■ WHAT NEEDS TO BE DONE ■
Please copy the data exactly as it stands, minus the images.

■ RAW DATA ■
· · · · · · ·
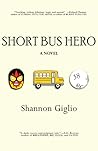 Short Bus Hero by Shannon Barracato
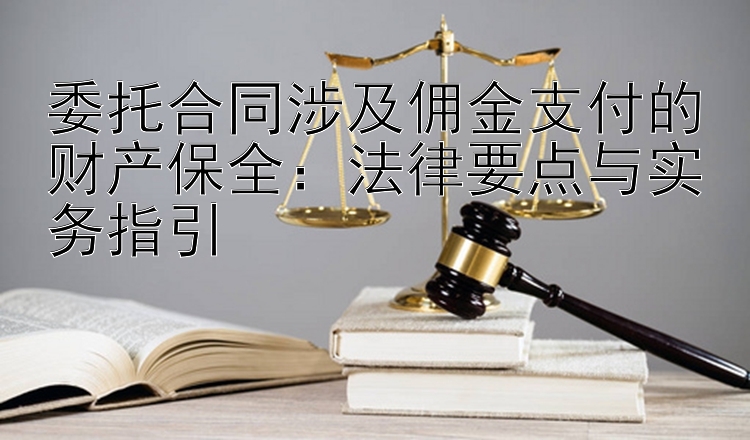 委托合同涉及佣金支付的财产保全：法律要点与实务指引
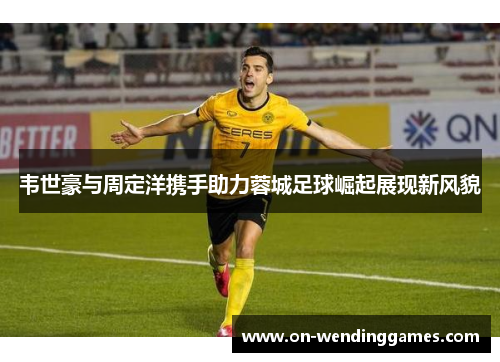 韦世豪与周定洋携手助力蓉城足球崛起展现新风貌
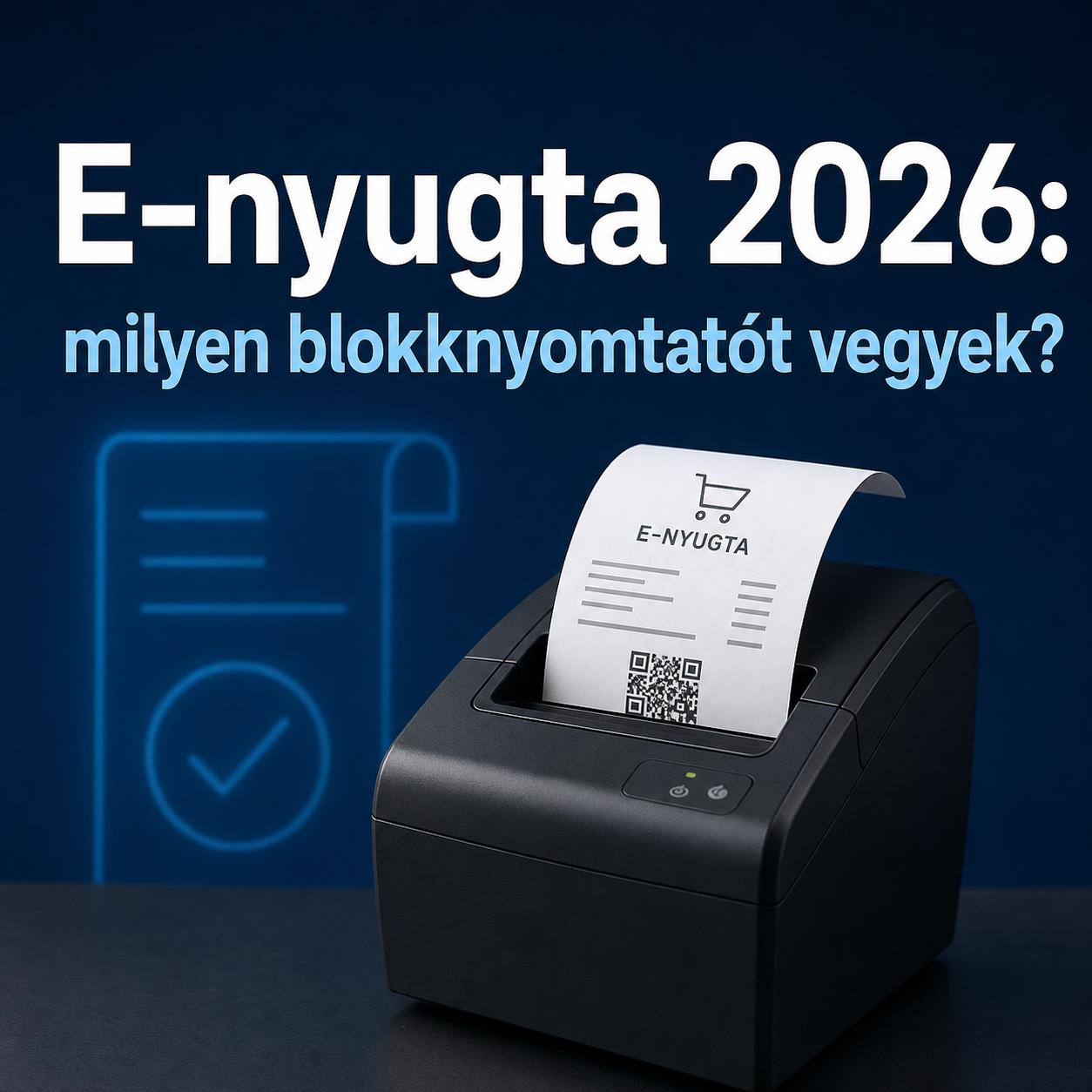 E-nyugta 2026: milyen blokknyomtatót vegyek? E-nyugta 2026: milyen blokknyomtatót vegyek?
· · · · · · ·
■ SOLUTION FOR THIS EXERCISE ■
 Short Bus Hero by Shannon Barracato
 委托合同涉及佣金支付的财产保全：法律要点与实务指引
 韦世豪与周定洋携手助力蓉城足球崛起展现新风貌
 E-nyugta 2026: milyen blokknyomtatót vegyek? E-nyugta 2026: milyen blokknyomtatót vegyek?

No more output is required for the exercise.